First things first: a freewheel is not a cassette. There are several differences between the two. In a cassette, the ratcheting mechanism is part of the hub and is integrated, not screwed on. A freewheel is threaded onto the hub. A way to tell is to look for a flat lockring on top of the smallest cog. If it has splines or grooves, it is a cassette and not a freewheel.
Cassettes are used more typically nowadays, whereas freewheels can be found on older bikes.
You also have to remember that most companies make their freehubs non-compatible with cassettes from other companies. So if you have a Shimano cassette and need to replace a cog, a Campagnolo will never work because they are splined differently.

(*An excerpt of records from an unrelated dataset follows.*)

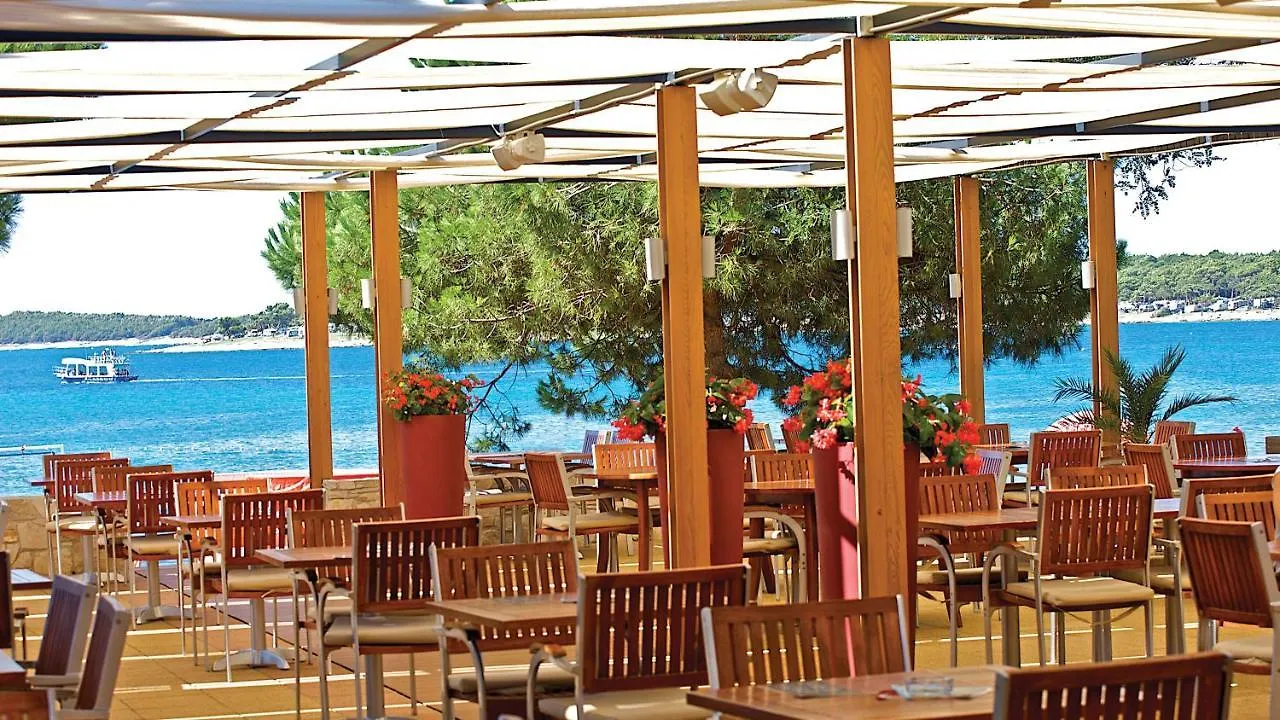 **** Hotel Park Plaza Belvedere Medulin Chorvatsko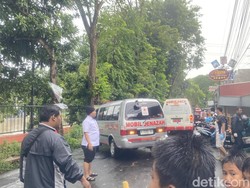 Pohon Tumbang Timpa 3 Pemotor di Jalan Bendungan Semarang, 1 Orang Tewas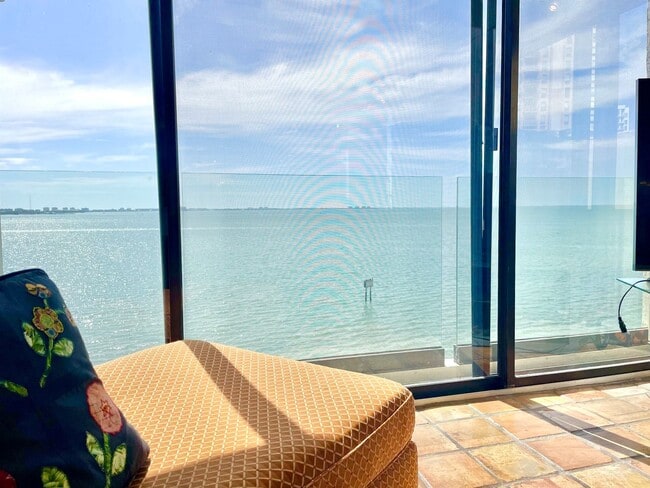 Building Photo - Sarasota Bay Penthouse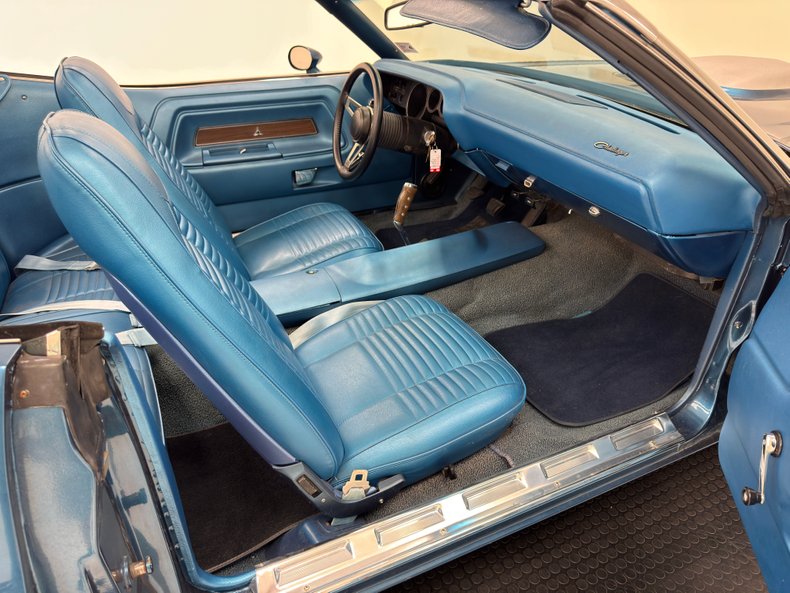 Dodge-Challenger-1970-Bright-Blue-Metallic-Blue-46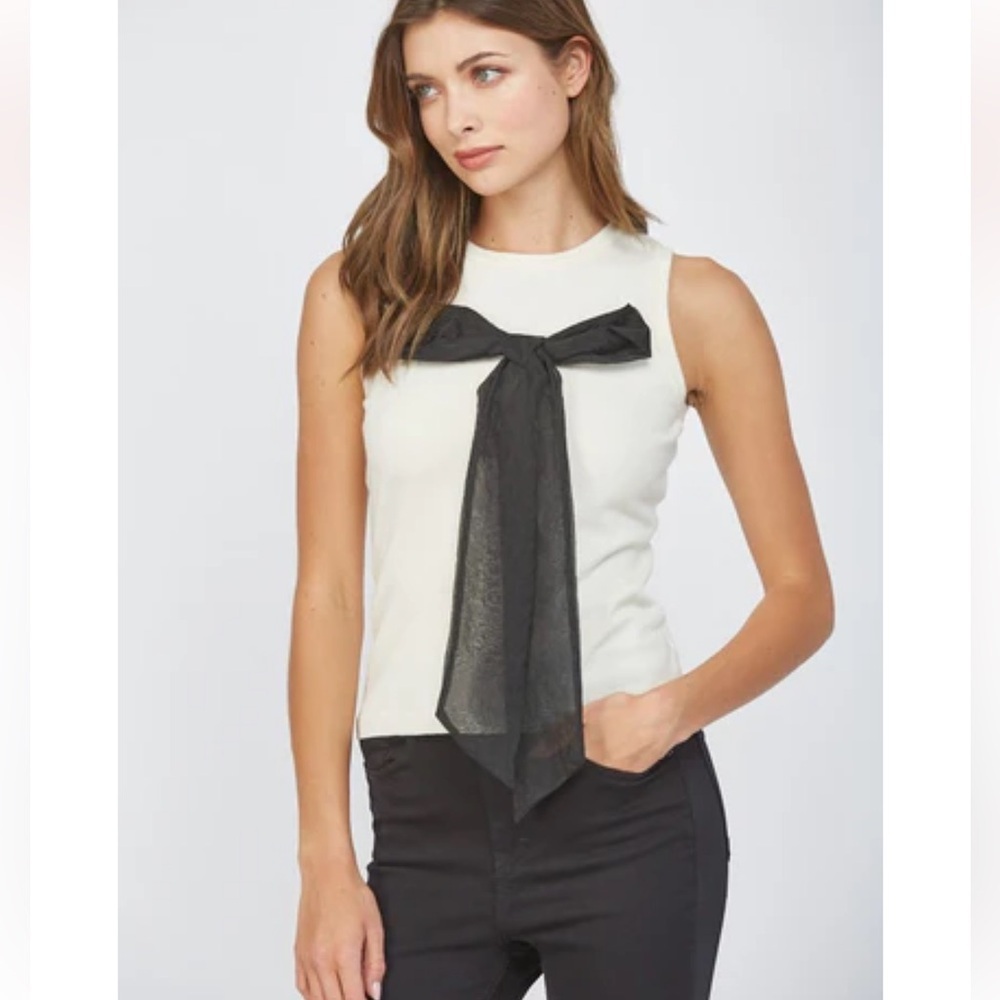 FATE NWT Women’s Sleeveless Lightweight Knit Sweater Top w/Large Bow Sz Small
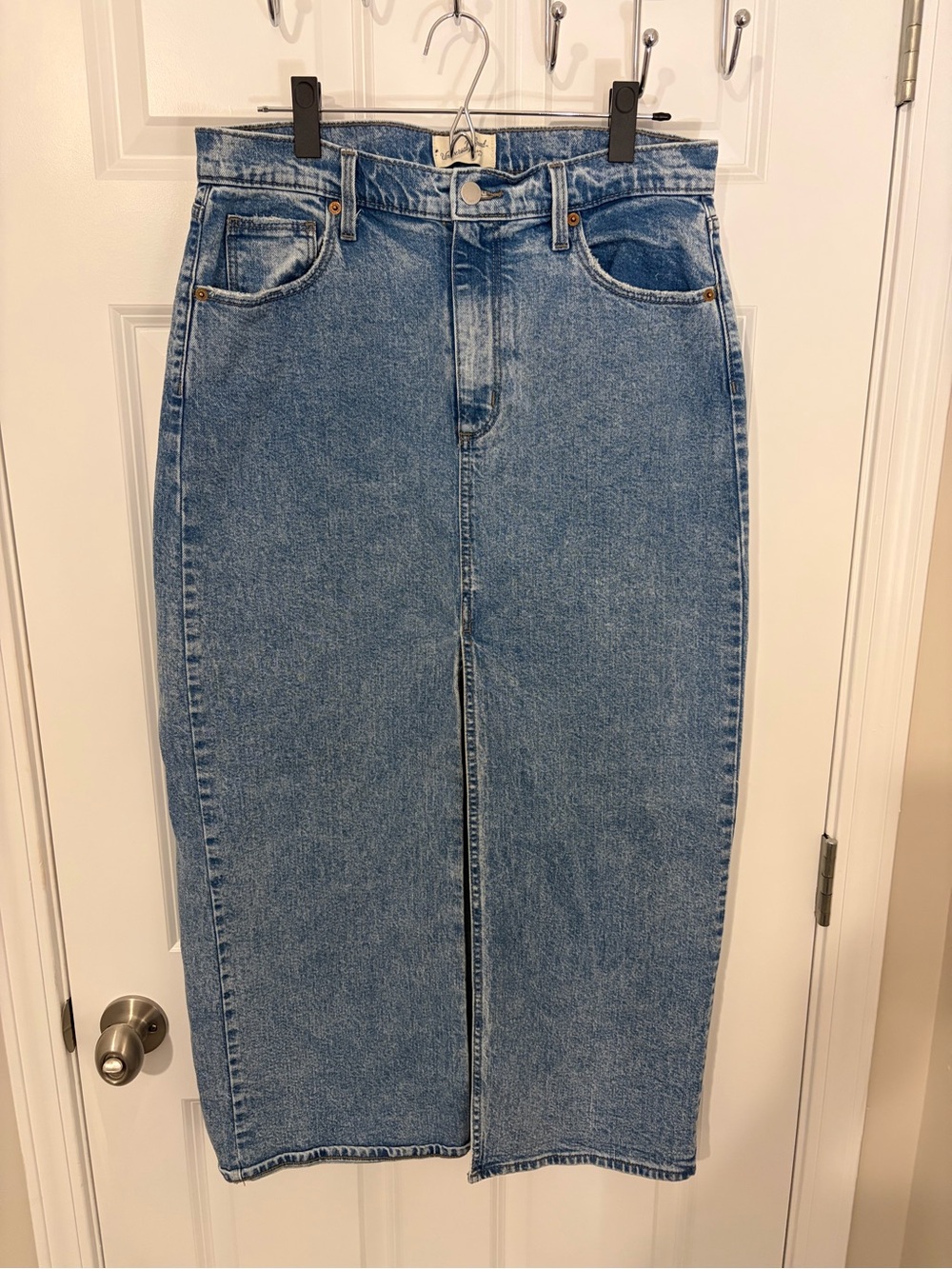 Universal Thread High-Waist Denim Midi Skirt - size 10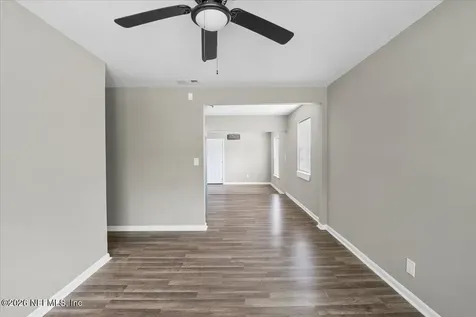 6238 Pettiford Drive W Jacksonville FL 32209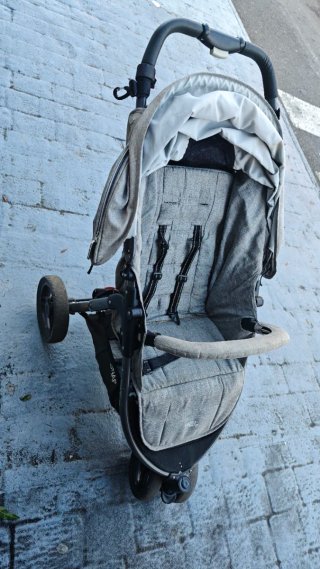 Carrito de bebé plegable Valco Baby Gris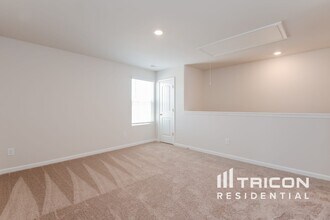4615 Hazelburn Dr in Greensboro, NC - Building Photo - Building Photo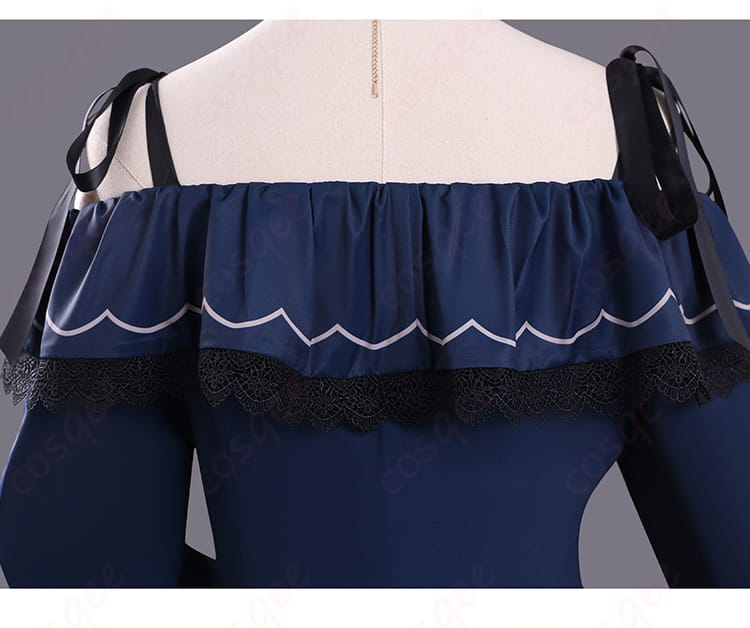 背面装飾のアップ。背面リボンと装飾パーツの構成を確認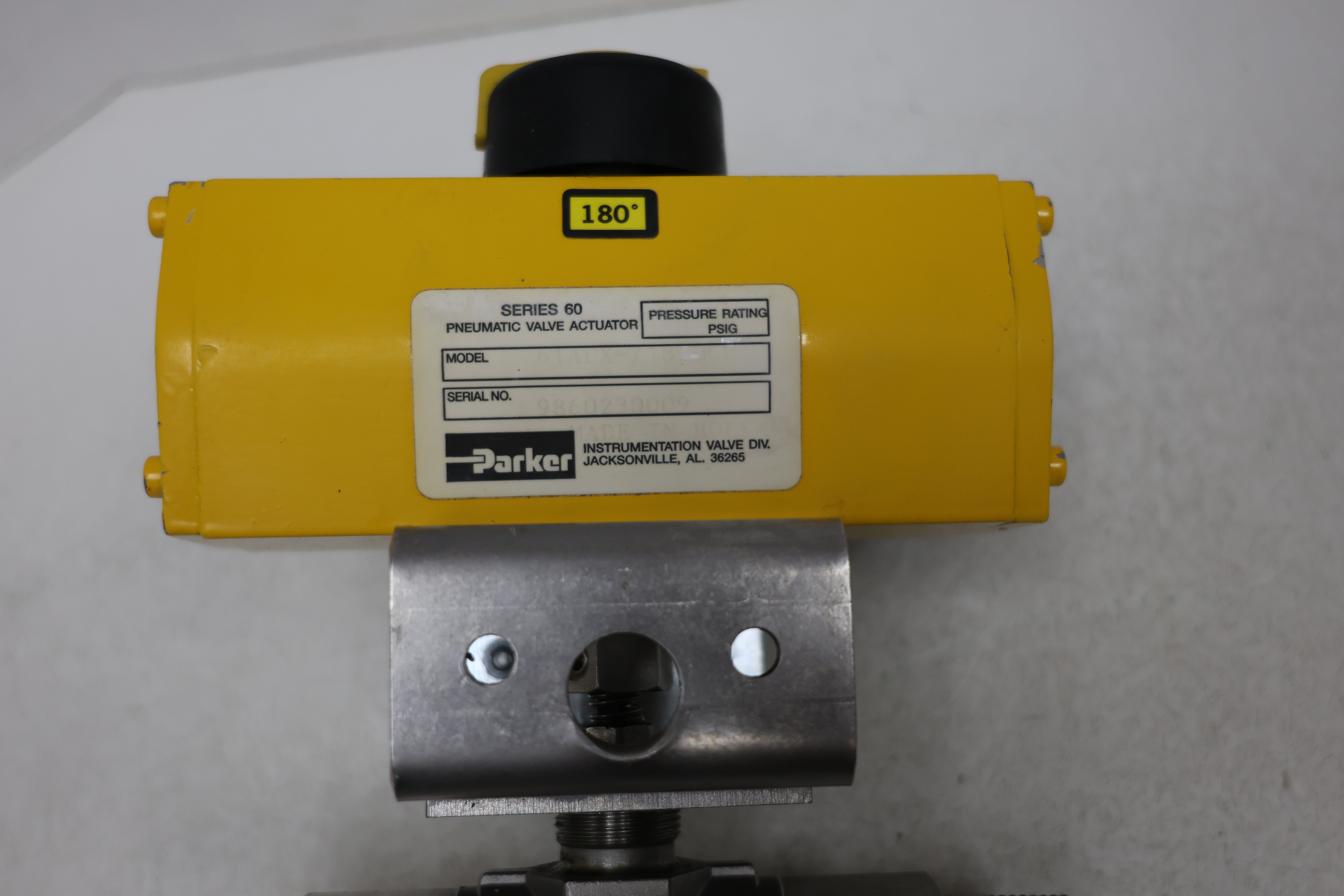 Used Parker 8F-B8XJ2-V-SS-61ADX Series 60 3-Way Pneumatic Ball Valve 1/2" SS GHA-122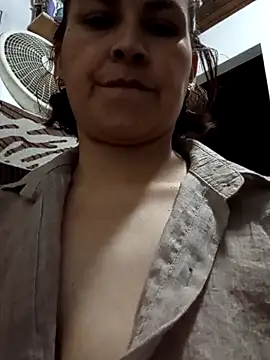 Snapshot of chinitasol chatting on 03.27.26 chinitasol online show from 03.27.26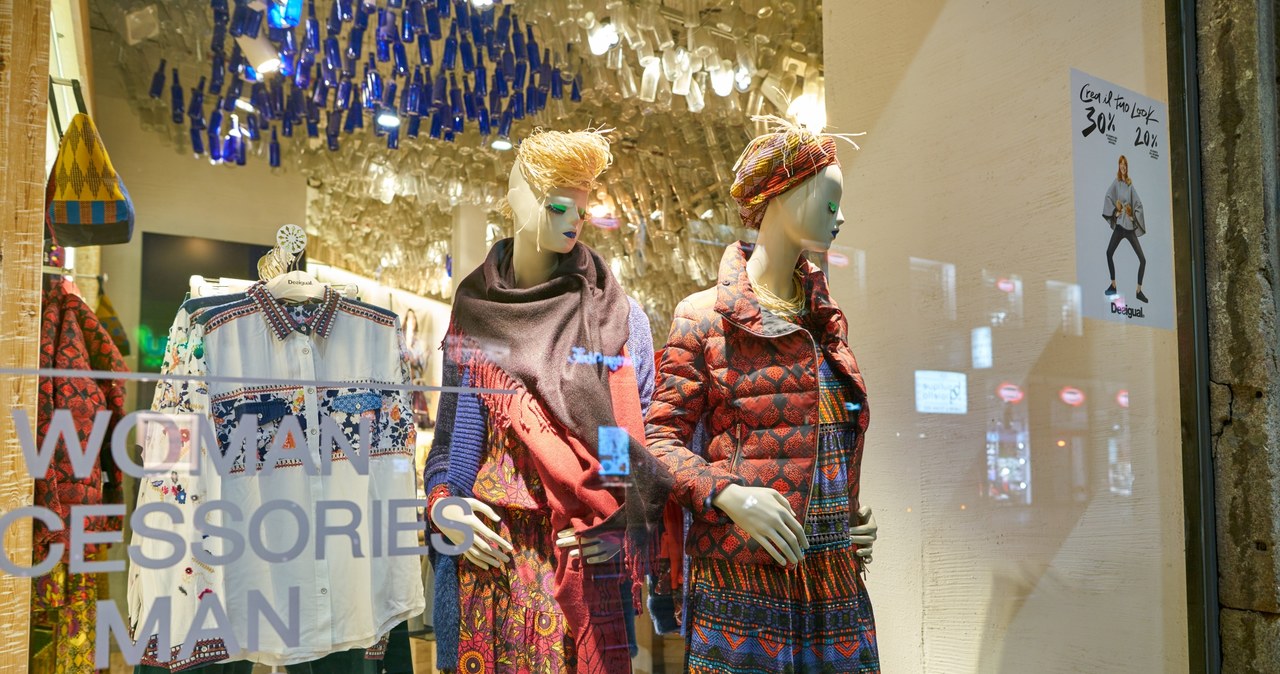 Wystawa sklepowa z odzieżą w sklepie Desigual w Mediolanie /123RF/PICSEL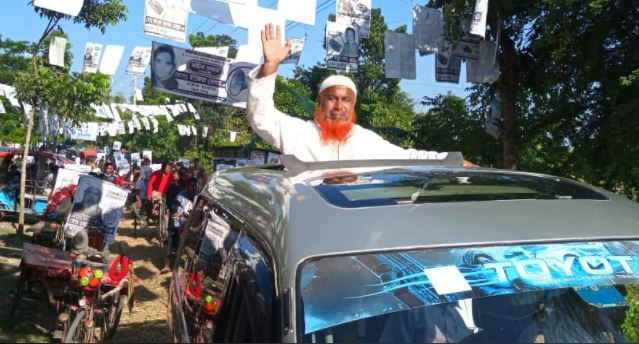 সালথার গট্টি ইউনিয়নে স্বতন্ত্র প্রার্থী খোরশেদ খানের বিশাল নির্বাচনী শোভাযাত্রা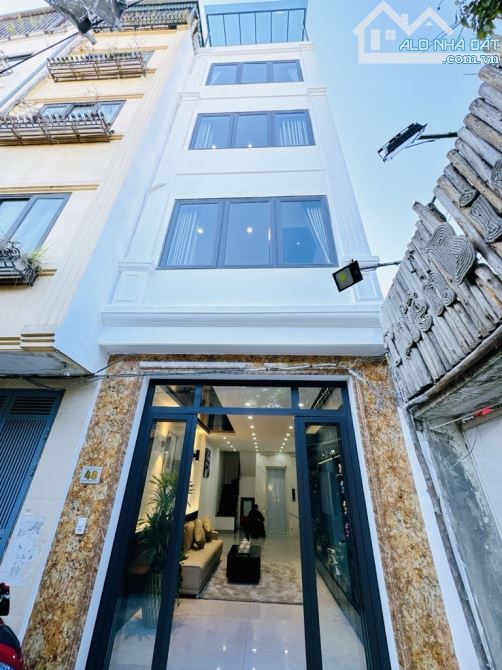 CHÍNH CHỦ BÁN NHÀ PHỐ TRẦN ĐẠI NGHĨA 42m, 6 TẦNG Ô TÔ LÙI 2 NHÀ RA PHỐ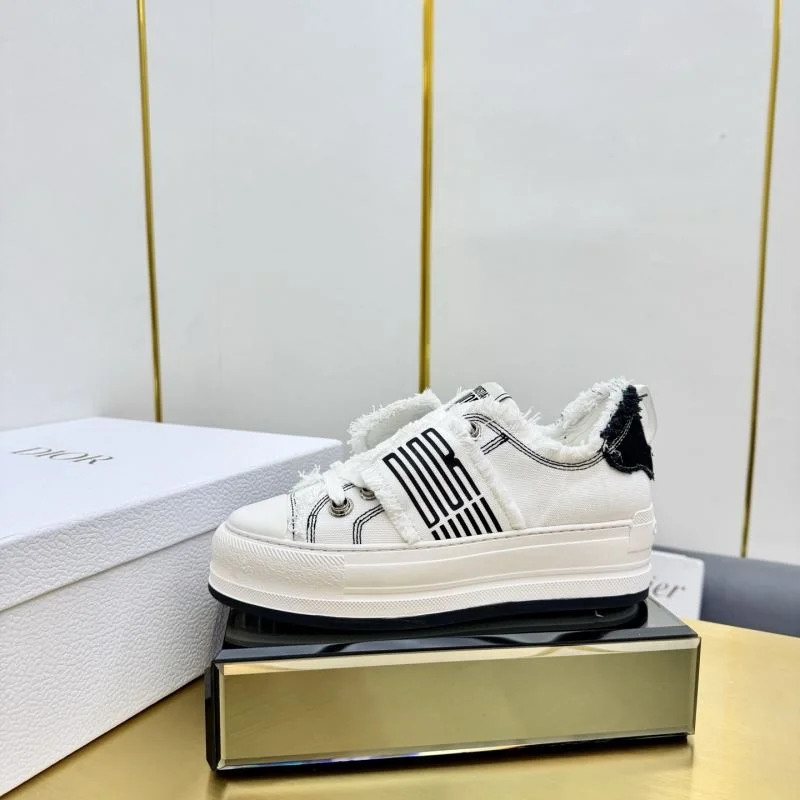 BestValue Christian Dior Low Shoes 22030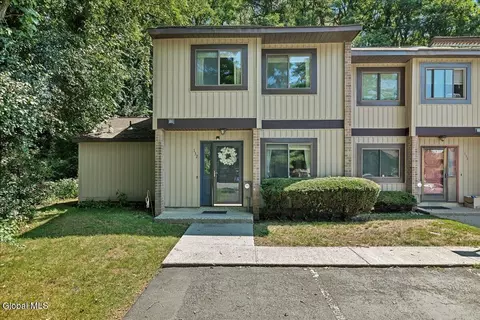 132 Point Of Woods Dr, Albany, NY 12203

In order to remove the cassette, you’ll need a freewheel or a cassette lockring removal tool (make sure you get one specific to the group you have on your bike because some tools are handle-like and others are cyclindrical; due to the explanation above regarding the specific splines of each make, you will have to obtain a tool for your particular cassette), a wrench (if you have a handle-like cassette removal tool, you won’t need this) and a chain whip.
Secure the chain whip to the cassette. Take out the skewer and insert the removal tool. Adjust the crescent wrench on the tool and place it at an angle. If the wheel were a clock face, you’d hold it at 10 o’clock. Holding the tire upright, press down on the cassette tool or wrench. Depending how hard you ride your wheels or how much you’ve ridden can affect how tightly wound the cassette is to the hub.
To put on a new cassette, lightly grease the freehub, line up the splines with each cog and then put on the lockring and tighten by hand. Use the cassette tool to finish tightening and you are ready to go!